Re: Why no combining‐character form for U+00F8?

From: Jukka K. Korpela <>
Date: Thu, 16 Aug 2012 18:55:40 +0300

2012-08-16 18:31, Ian Clifton wrote:

> Having just been to Norway, and wanting to email my friends all about
> it, I came across a curiosity: neither of the combining characters
> U+0337, U+0338 seem to work in usually‐reliable Emacs, and indeed
> U+00F8 LATIN SMALL LETTER O WITH STROKE doesn’t seem to have a
> decomposed form, according to UnicodeData.txt. I’m sure this can’t be an
> oversight?

It isn’t an oversight but an intentional decision.

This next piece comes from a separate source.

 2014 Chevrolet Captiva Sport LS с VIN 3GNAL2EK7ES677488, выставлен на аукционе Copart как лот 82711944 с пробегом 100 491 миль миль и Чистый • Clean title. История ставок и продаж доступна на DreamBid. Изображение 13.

The letter “ø” (historically originating from a ligature of “o” and “e”)
could have been analyzed as consisting of the letter “o” and a diacritic
mark. Instead, it was coded as an “atomic” character that is not
decomposable in any way.

This may sound illogical, as another Scandinavian letter, “ö” (also
originating from a ligature of “o” and “e”, the latter in small size
above the “o”) is encoded as canonically decomposable.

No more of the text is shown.